- _PROBLEM_: Only the line with "Сдаётся 3-комн. новостройка" and the lines after it, through the end of the material, belong in the answer; repeat them exactly.

- _RECORDS TO PROCESS_:

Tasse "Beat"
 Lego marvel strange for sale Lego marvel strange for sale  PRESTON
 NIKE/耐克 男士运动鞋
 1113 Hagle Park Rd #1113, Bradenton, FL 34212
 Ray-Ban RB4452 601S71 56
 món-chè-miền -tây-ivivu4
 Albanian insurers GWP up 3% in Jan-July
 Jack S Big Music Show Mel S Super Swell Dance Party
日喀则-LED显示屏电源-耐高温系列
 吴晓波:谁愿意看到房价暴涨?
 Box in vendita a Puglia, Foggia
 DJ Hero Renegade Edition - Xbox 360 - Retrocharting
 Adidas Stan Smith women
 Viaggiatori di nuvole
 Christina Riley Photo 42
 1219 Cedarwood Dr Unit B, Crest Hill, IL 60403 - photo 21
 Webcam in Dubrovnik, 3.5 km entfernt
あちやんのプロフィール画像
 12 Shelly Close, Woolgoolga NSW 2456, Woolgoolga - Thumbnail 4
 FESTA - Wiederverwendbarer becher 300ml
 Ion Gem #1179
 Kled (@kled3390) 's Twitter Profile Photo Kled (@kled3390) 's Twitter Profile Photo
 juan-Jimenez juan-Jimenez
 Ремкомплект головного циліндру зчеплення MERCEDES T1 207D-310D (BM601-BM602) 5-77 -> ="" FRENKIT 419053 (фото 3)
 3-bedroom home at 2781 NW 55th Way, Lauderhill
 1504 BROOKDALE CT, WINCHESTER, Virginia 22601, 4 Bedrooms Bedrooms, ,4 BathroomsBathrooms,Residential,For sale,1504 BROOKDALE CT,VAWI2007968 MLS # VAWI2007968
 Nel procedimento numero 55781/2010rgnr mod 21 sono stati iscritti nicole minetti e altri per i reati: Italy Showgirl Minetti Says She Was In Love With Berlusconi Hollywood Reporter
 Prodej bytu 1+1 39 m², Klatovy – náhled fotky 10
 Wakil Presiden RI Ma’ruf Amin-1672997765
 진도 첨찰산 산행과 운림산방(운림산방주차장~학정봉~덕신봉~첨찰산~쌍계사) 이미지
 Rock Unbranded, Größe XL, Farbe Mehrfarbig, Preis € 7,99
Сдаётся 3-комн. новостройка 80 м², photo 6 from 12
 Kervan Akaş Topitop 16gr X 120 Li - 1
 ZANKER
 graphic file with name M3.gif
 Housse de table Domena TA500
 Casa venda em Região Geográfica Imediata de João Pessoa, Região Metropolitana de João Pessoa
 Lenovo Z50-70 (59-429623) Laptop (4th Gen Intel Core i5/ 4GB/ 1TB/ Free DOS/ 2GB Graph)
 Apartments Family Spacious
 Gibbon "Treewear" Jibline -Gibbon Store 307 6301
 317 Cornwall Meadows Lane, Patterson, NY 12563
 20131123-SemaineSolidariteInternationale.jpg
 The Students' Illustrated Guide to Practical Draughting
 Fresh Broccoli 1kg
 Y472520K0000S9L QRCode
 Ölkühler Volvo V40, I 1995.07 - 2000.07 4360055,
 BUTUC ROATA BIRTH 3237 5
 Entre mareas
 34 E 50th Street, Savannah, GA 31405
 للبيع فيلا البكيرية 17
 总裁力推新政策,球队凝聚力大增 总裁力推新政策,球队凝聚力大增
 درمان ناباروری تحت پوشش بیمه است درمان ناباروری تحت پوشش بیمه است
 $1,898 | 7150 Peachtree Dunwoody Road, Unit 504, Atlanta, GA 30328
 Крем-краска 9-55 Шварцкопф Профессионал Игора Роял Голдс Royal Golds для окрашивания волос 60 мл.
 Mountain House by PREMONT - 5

- _SOLUTION FOR THIS TASK_:
Сдаётся 3-комн. новостройка 80 м², photo 6 from 12
 Kervan Akaş Topitop 16gr X 120 Li - 1
 ZANKER
 graphic file with name M3.gif
 Housse de table Domena TA500
 Casa venda em Região Geográfica Imediata de João Pessoa, Região Metropolitana de João Pessoa
 Lenovo Z50-70 (59-429623) Laptop (4th Gen Intel Core i5/ 4GB/ 1TB/ Free DOS/ 2GB Graph)
 Apartments Family Spacious
 Gibbon "Treewear" Jibline -Gibbon Store 307 6301
 317 Cornwall Meadows Lane, Patterson, NY 12563
 20131123-SemaineSolidariteInternationale.jpg
 The Students' Illustrated Guide to Practical Draughting
 Fresh Broccoli 1kg
 Y472520K0000S9L QRCode
 Ölkühler Volvo V40, I 1995.07 - 2000.07 4360055,
 BUTUC ROATA BIRTH 3237 5
 Entre mareas
 34 E 50th Street, Savannah, GA 31405
 للبيع فيلا البكيرية 17
 总裁力推新政策,球队凝聚力大增 总裁力推新政策,球队凝聚力大增
 درمان ناباروری تحت پوشش بیمه است درمان ناباروری تحت پوشش بیمه است
 $1,898 | 7150 Peachtree Dunwoody Road, Unit 504, Atlanta, GA 30328
 Крем-краска 9-55 Шварцкопф Профессионал Игора Роял Голдс Royal Golds для окрашивания волос 60 мл.
 Mountain House by PREMONT - 5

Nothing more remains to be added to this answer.